Our rhetoric and analysis tend to support a view that the business decision is in some special realm where the decision equals concrete reality. I contend that there is only one kind of decision. Decision is not meaningfully modified by prefixes such as business, personal, financial, creative, emergency, etc. These modifiers imply that there is special energy supporting decisions because of the circumstances. While you and I are aware that there is special energy surrounding particular decision experiences, we also have to admit that there is nothing consistent about the application of these influences. The influences are beyond our control.
I find that when I abandon all notions of control of people, events and circumstances, that this is where I encounter the profound and artful aspects of decision making. When these notions drop away, I am left in the humble position of being a human being improvising a life. Improvising a life is our shared condition. We expect that we are capable of shaping our lives. We do not realize and accept that in order to shape our lives we have to be able to control our lives. This we cannot do. When I say, cannot do, I mean it in the sense of the sailboat captain who can make the decision of the heading to the destination. This decision does not cause favorable winds, supporting currents or favorable tides.
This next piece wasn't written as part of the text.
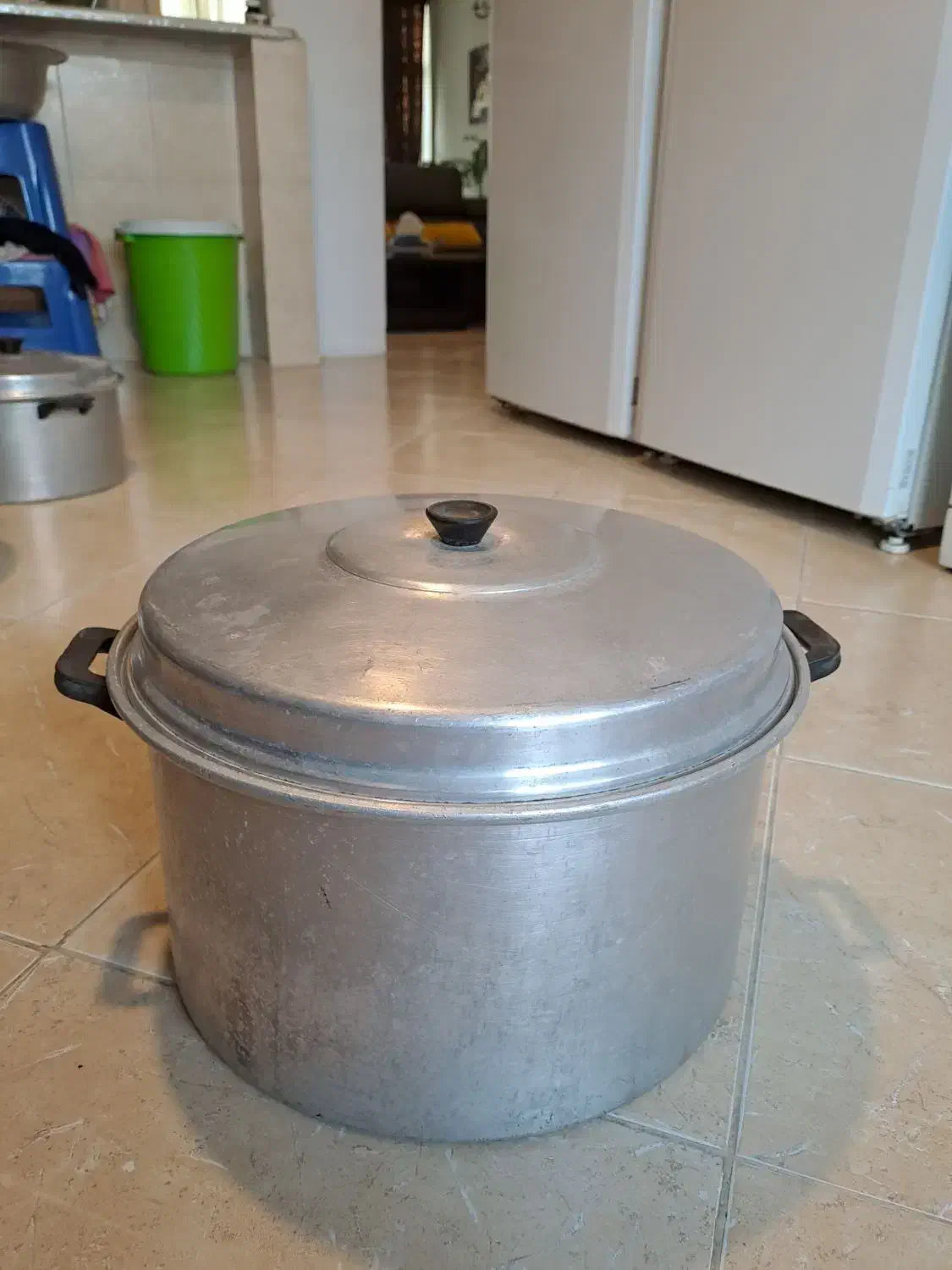 دیگ رویی|ظروف پخت‌وپز|ساری, |دیوار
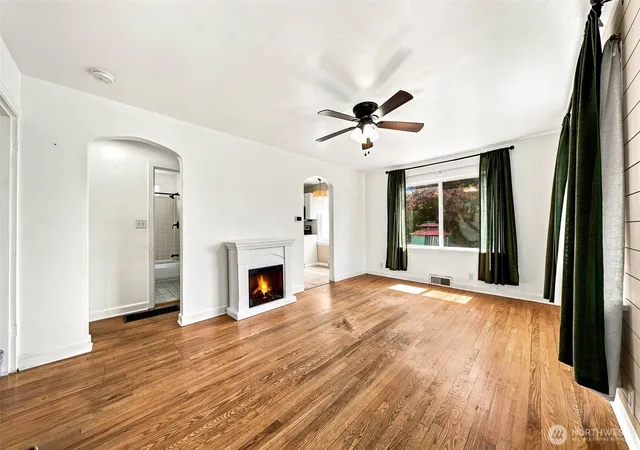 Photo 3 of Single family home for sale at 116 M St NE, Auburn, WA 98002 | MLS# NWM2558456 | Listing updated on 2026-08-22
It takes a great deal of humility to learn the details of living in our physical world and to accept that we have virtually no control over it. In our professional and citizen roles we find ourselves evaluating the decisions of business colleagues and politicians. How can we do this? Colleagues and politicians are in the same existential position as we are. They have no more power or control than we do. Everyone is subject to their own circumstances and conditions. Through humility we can arrive at charity.
My point throughout this section is not that decisions are impossible because we cannot control our circumstances and conditions. My point is that our decisions become more powerful when we recognize the rare opportunities for decisions and make the most of those opportunities. The most powerful decisions are the ones we make about ourselves.